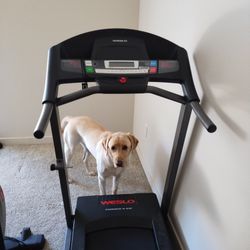 Weslo Treadmill  Dog Not Included 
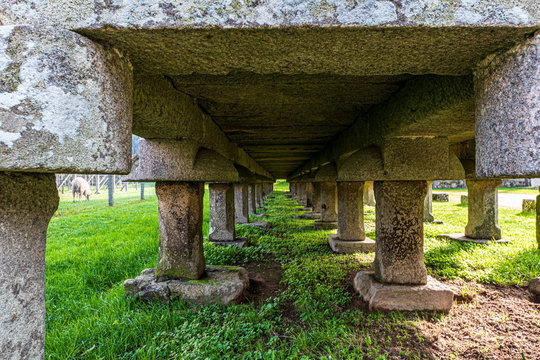 horreo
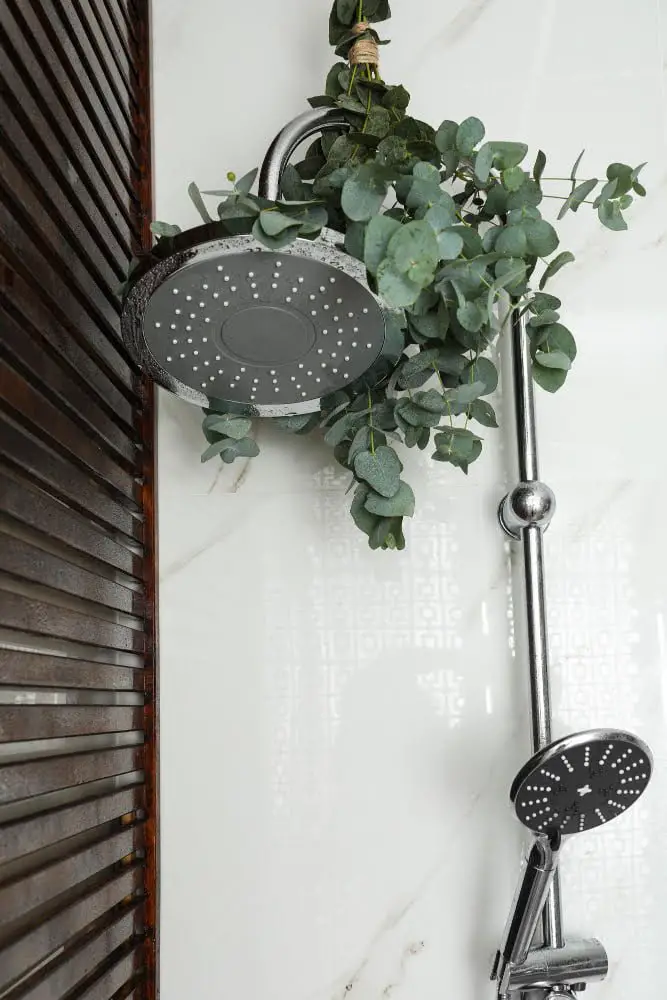 Shower Plants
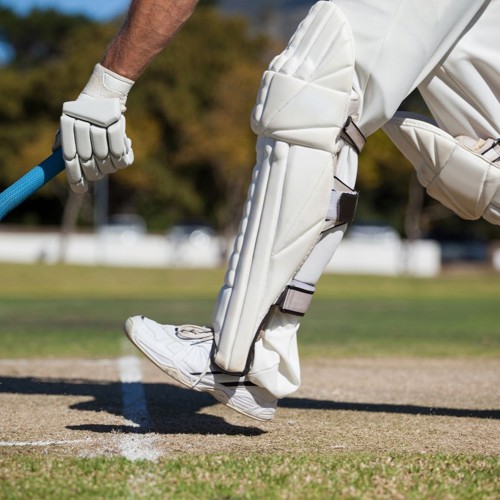 Cricket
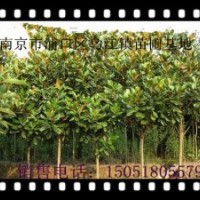 供應(yīng)廣玉蘭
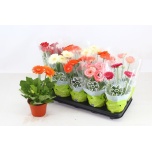 Gerbera mix 12cm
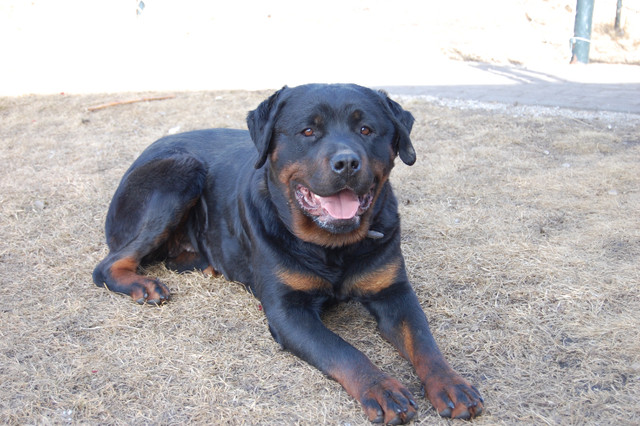 rottweiler puppies in Dogs & Puppies for Rehoming in Edmonton - Image 4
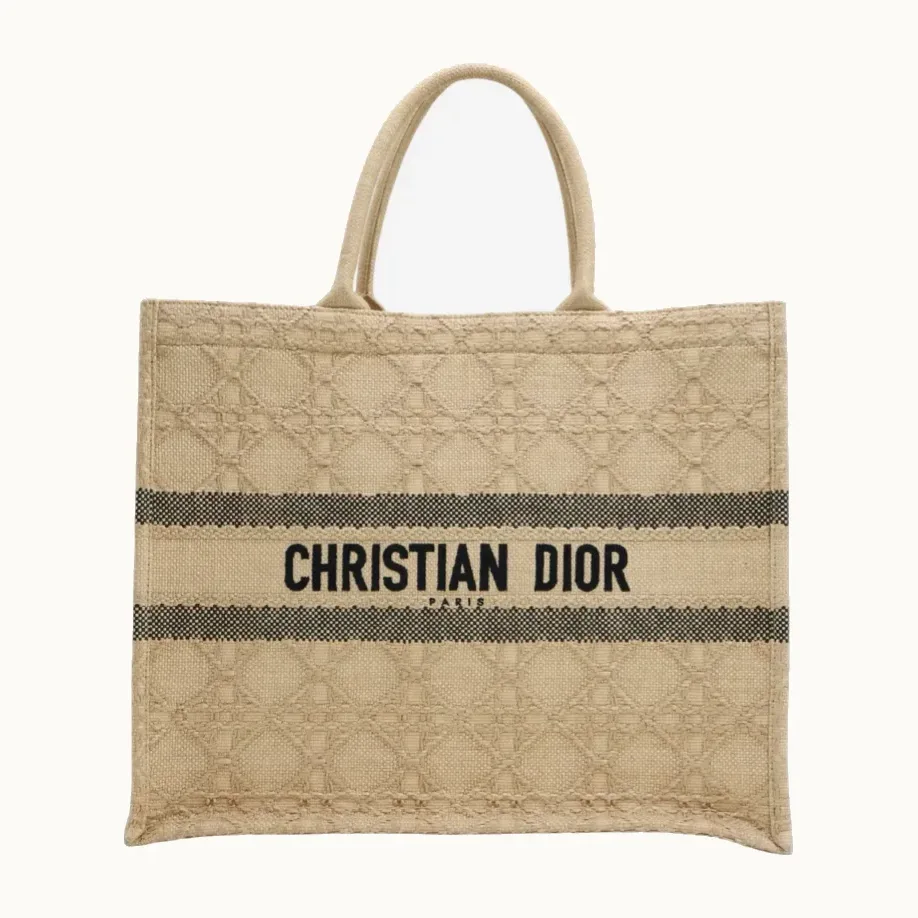 Bolso Tote Dior Book 2022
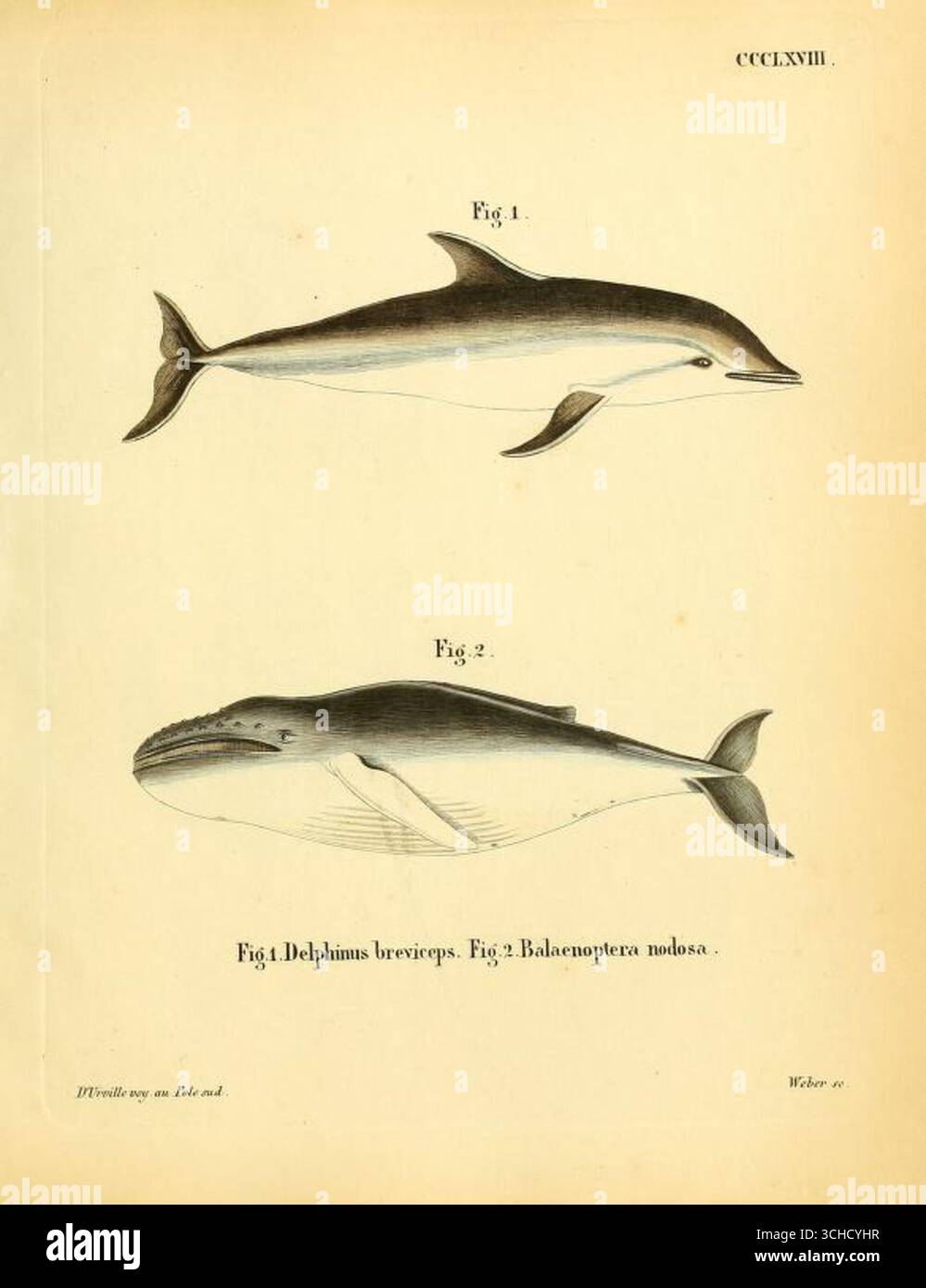 Historische Illustration von Delphinus breviceps (Abb. 1) und Balaenoptera nodosa (Abb. 2), Platte CCCLXVIII, aus die Säugthiere in Abbildungen nach der Natur, um 1846. Stockfoto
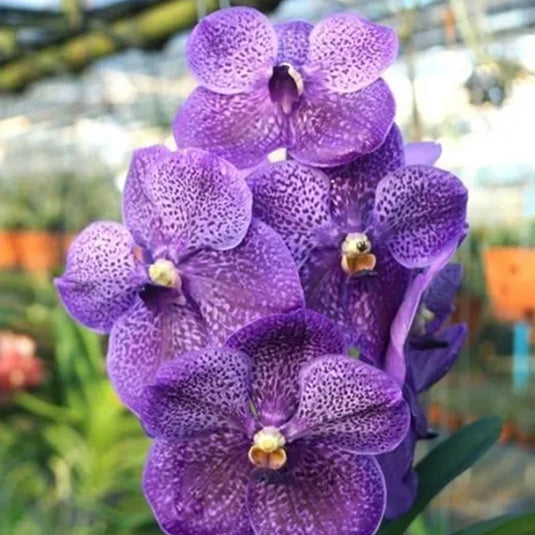 Vanda Orchid Plant - Gordon x Dr.Anek Mature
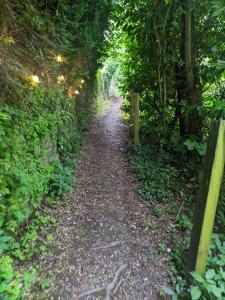 um caminho numa floresta com uma cerca de madeira em Stay Wild Retreats 'Glamping Pods and Tents' em Wrexham
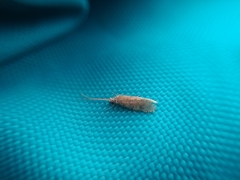 Annulipalpia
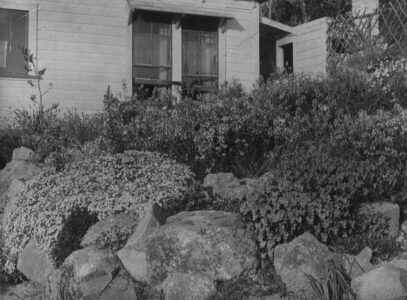 Rock Garden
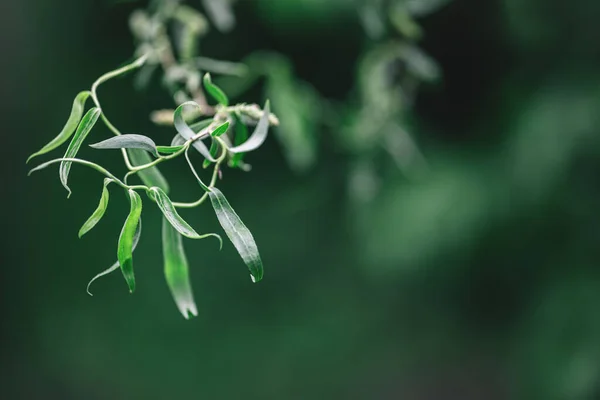 Beautiful willow branch with fresh green leaves after rain. Dark green background. Place for text.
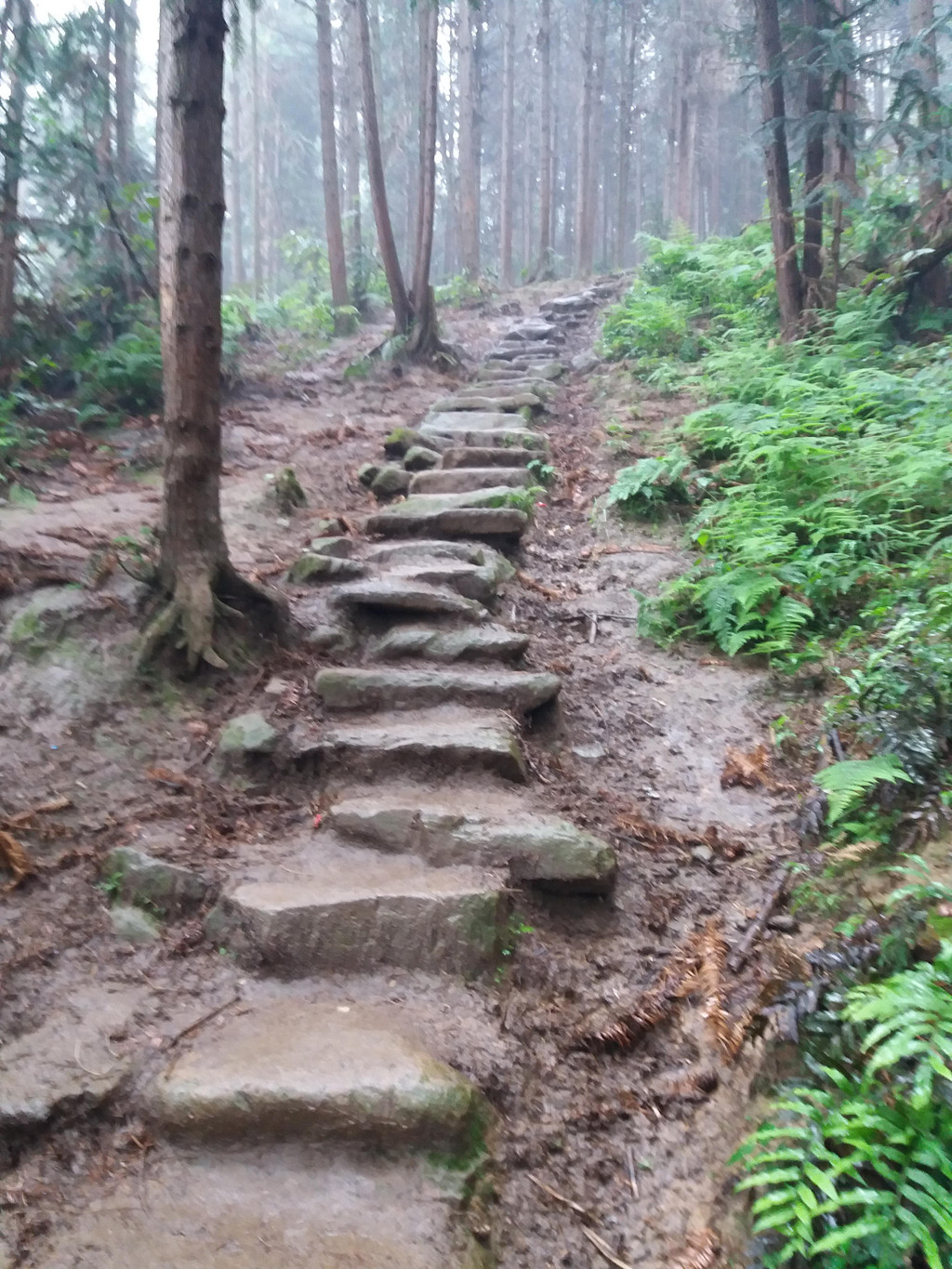 单挑未登峰,新驴毕业篇之你好,赵公山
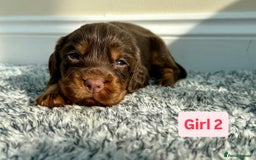 Cocker Spaniel dogs for sale: KC Reg Health Tested Working Cocker Spaniels - Image 8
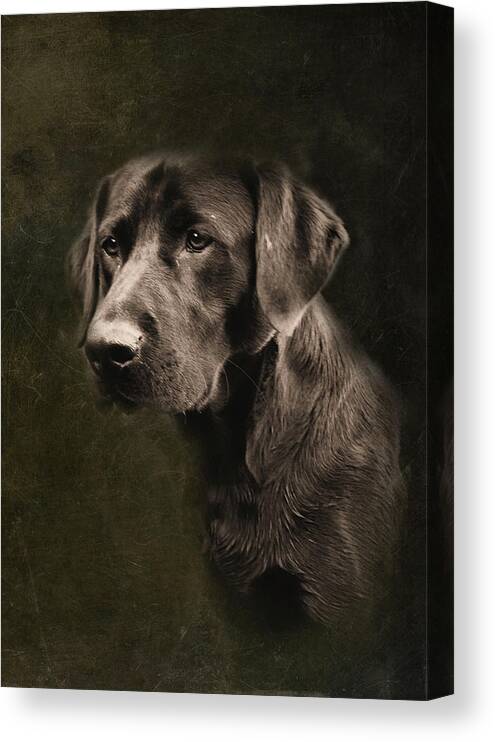 Black Lab Canvas Print featuring the photograph Black Labrador by Sally Bauer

● **Task statement**
Exclude every picture, then return precisely the lines that run from the line containing "Gerbera mix 12cm" through the end of the entries above.

● **Task result**
 Gerbera mix 12cm
 rottweiler puppies in Dogs & Puppies for Rehoming in Edmonton - Image 4
 Bolso Tote Dior Book 2022
 Historische Illustration von Delphinus breviceps (Abb. 1) und Balaenoptera nodosa (Abb. 2), Platte CCCLXVIII, aus die Säugthiere in Abbildungen nach der Natur, um 1846. Stockfoto
 Vanda Orchid Plant - Gordon x Dr.Anek Mature
 um caminho numa floresta com uma cerca de madeira em Stay Wild Retreats 'Glamping Pods and Tents' em Wrexham
 Annulipalpia
 Rock Garden
 Beautiful willow branch with fresh green leaves after rain. Dark green background. Place for text.
 单挑未登峰,新驴毕业篇之你好,赵公山
 Cocker Spaniel dogs for sale: KC Reg Health Tested Working Cocker Spaniels - Image 8
 Black Lab Canvas Print featuring the photograph Black Labrador by Sally Bauer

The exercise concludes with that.